When Helen Knightly killed her mother Clair, the first thing she felt was relief — the horror didn't come till later. But in the next 24 hours, she will make her ex-husband an accomplice after the fact, have sex with her best friend's son ("'Fuck me,' I said, and hoped that no one's God was watching"), and realize she may just have killed the only person stranger (crazier?) than herself.
Author Alice Sebold has made a career of chronicling the aftermaths of violent acts; first with Lucky, her memoir of her own rape. Next came her debut novel, The Lovely Bones, the story of the rape and murder of a young girl told by the girl after her death.

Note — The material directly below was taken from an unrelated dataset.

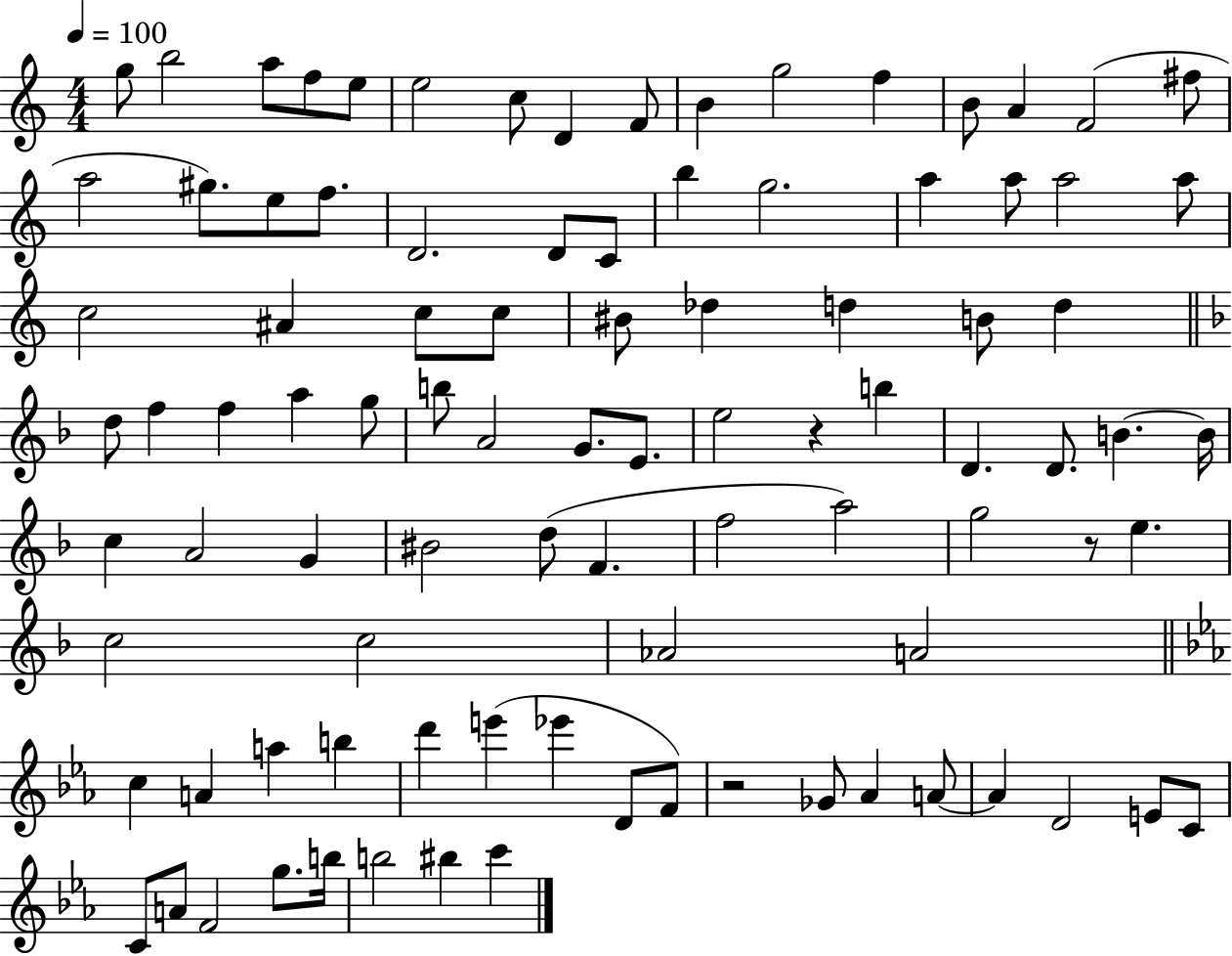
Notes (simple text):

G5/e B5/h A5/e F5/e E5/e E5/h C5/e D4/q F4/e B4/q G5/h F5/q B4/e A4/q F4/h F#5/e A5/h G#5/e. E5/e F5/e. D4/h. D4/e C4/e B5/q G5/h. A5/q A5/e A5/h A5/e C5/h A#4/q C5/e C5/e BIS4/e Db5/q D5/q B4/e D5/q D5/e F5/q F5/q A5/q G5/e B5/e A4/h G4/e. E4/e. E5/h R/q B5/q D4/q. D4/e. B4/q. B4/s C5/q A4/h G4/q BIS4/h D5/e F4/q. F5/h A5/h G5/h R/e E5/q. C5/h C5/h Ab4/h A4/h C5/q A4/q A5/q B5/q D6/q E6/q Eb6/q D4/e F4/e R/h Gb4/e Ab4/q A4/e A4/q D4/h E4/e C4/e C4/e A4/e F4/h G5/e. B5/s B5/h BIS5/q C6/q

The Lovely Bones was a sleeper phenomenon — the kind of book (like The DaVinci Code) that becomes popular because people actually read and liked it and recommended it to others, not because some ephemeral influential force says they should — and is the reason Sebold's name is well known today.
With a combination of dark crime tropes and a stream of consciousness narrative style, Sebold's sophomore novel The Almost Moon is a literary noir that is true enough to each to appeal to both audiences. Fans of Gillian Flynn's recent Sharp Objects should especially flock to it, as the pair have thematic similarities though their approaches are distinct. However, it's entirely possible that fans of Sebold's earlier work will be turned off by Helen's completely unlikeable nature.

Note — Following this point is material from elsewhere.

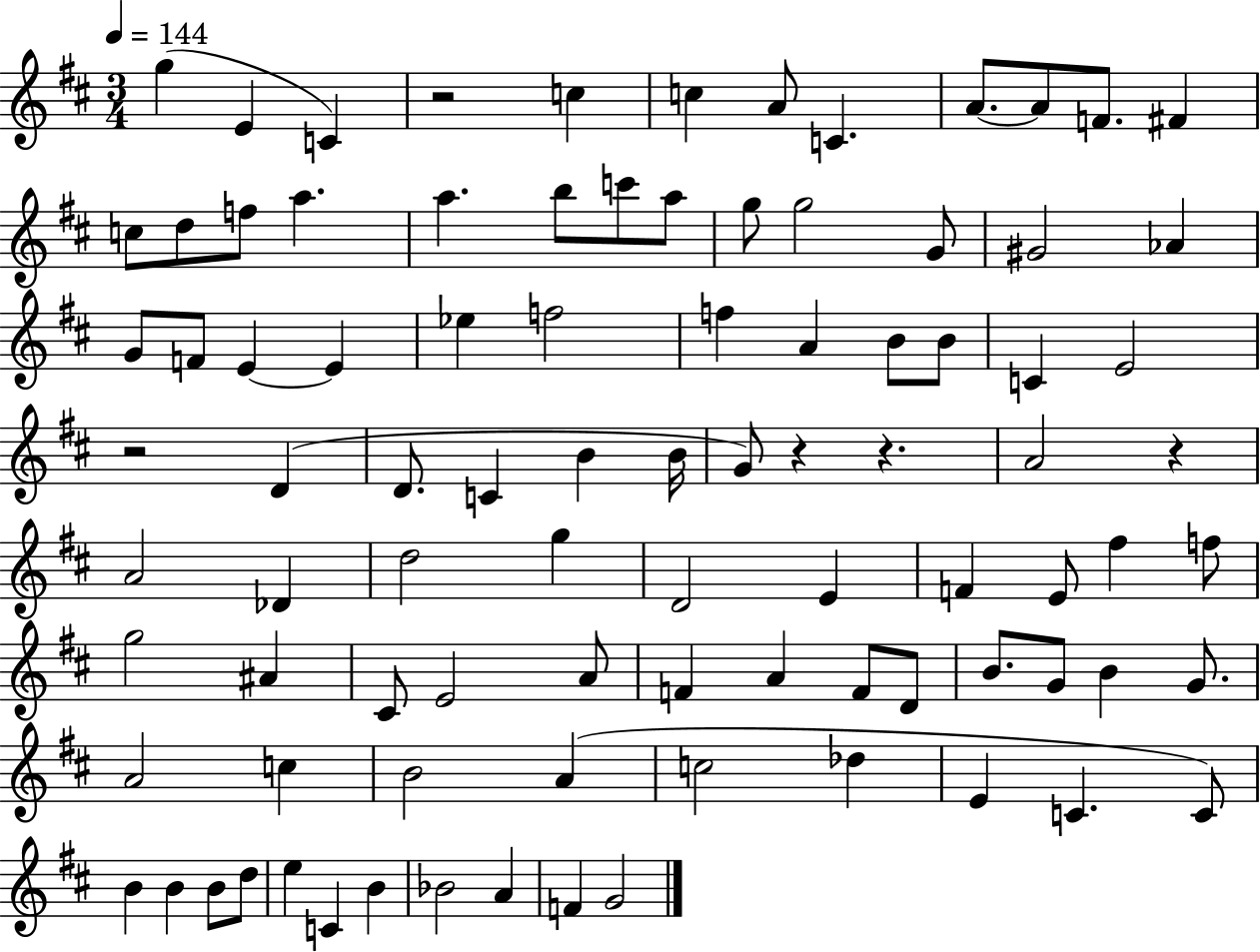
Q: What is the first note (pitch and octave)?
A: G5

The narrative of The Almost Moon is filled with Helen's reactive behavior combined with the character's insights into dysfunctional families ("When was it that you realized the thread woven through your DNA carried the relationship deformities of your blood relatives as much as it did their diabetes or bone density?") as she flashes back to her memories of her childhood and after.
Sebold skips back and forth between past and present with an abandon that expresses confidence in the intelligence of the reader (and it is hard to keep up sometimes). She is nonjudgmental about Helen's mostly shocking actions and winds a thread of dark humor throughout, offering some laugh-out-loud moments among the horrific elements.
Academy Award® nominee Joan Allen has a cool, detached delivery that matches the character beautifully. Many times I even forgot The Almost Moon was being read by someone other than Helen herself, which I think is the best compliment I can give. A good audiobook reader is like a good editor — if they're doing their job properly, both should be invisible.
The strength of Sebold's literary voice suggests that she is not finished stretching herself. I only hope that she also expands the boundaries of the readers that picked up The Almost Moon expecting something more like The Lovely Bones and stayed for the great writing.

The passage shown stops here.